Film
Renée Zellweger as Judy Garland in Judy.
Renée Zellweger as Judy Garland in Judy.

Film review: Judy

by / Sep. 30, 2019 1pm EST

It’s no secret that the cult of Judy Garland fans were drawn to her suffering as much as to her abilities as a performer. That seems to be the intended audience for Judy, now playing at the Dipson Amherst and Eastern Hills Mall theaters, which recreates her abilities as a stage artist but mostly focuses on the sad state of her life in the months prior to her presumably accidental death in 1969 from an overdose of barbiturates.

Garland is played by Renée Zellweger, which turns out to be a canny bit of casting: if there’s one thing that Zellweger is good at, it’s looking pathetic. That’s not to say that she doesn’t give a credible impression of Garland as a singer and live performer, no mean feat (and one all but guaranteed to net her an Oscar nomination). But Judy is more concerned with the star’s tragedies than her triumphs.

Judy takes place in the last year of Garland’s life as she struggles her way through a five-week booking at a London nightclub. Flashbacks to her early Hollywood days show studio handlers teaching the teenaged Judy that if she wanted to be a star she needed to learn to live without such creature comforts as food, sex and sleep (and supplying her with pills to quell all of those hungers), As movie musicals fell out of box office favor Garland found a new career on the live stage in the 1960s. But by the end of the decade financial problems had left her effectively homeless and on the verge of losing custody of her two youngest children, who she had to leave with their father in Los Angeles to take the lucrative London booking.
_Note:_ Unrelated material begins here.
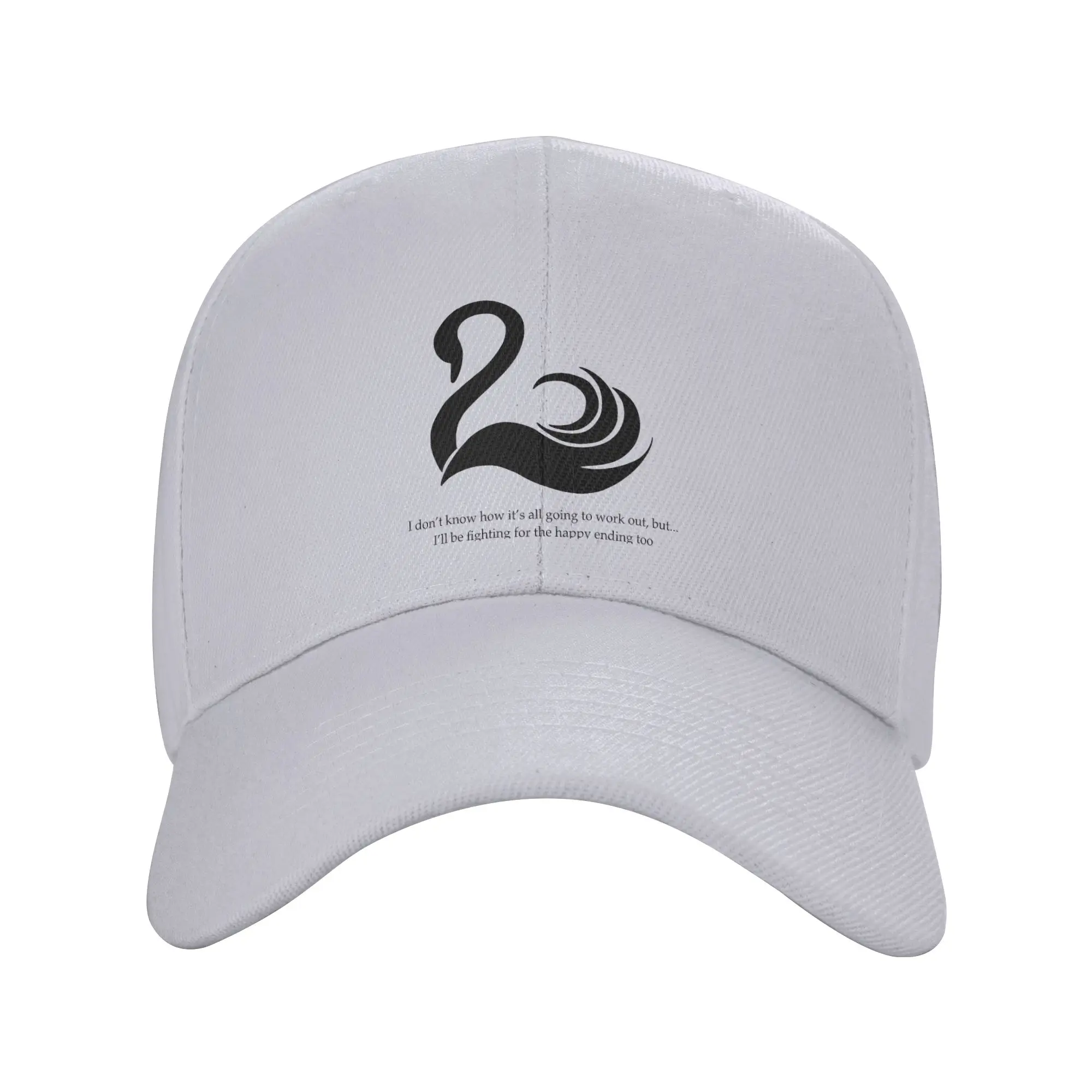 Keeper of the Lost Cities Happy Ending Quote Trendy Baseball Cap Birthday Gift Easy Clean Sun Hat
Adapted from the play End of the Rainbow, Judy is a British production, the latest in a line of celebrity biopics from that country. Bohemian Rhapsody and Rocketman readily come to mind, but the one Judy most resembles is Stan & Ollie, which looked at a pair of similarly faded Hollywood icons as they tried to revive their career on the London stage. The difference is that that film depicted Laurel and Hardy as still eager to connect with their audience, while Zellweger’s Garland seems to be going through the motions, unwilling to rehearse and running through her performances on autopilot. Her considerable talent still comes through, but fans are likely to be saddened by the way that she seems estranged from her own art.

If you want to bemoan Garland’s tragic decline, Judy is the film for you. But if you’re not a fan and want to experience what it was about her that touched so many people, this probably isn’t the place to start.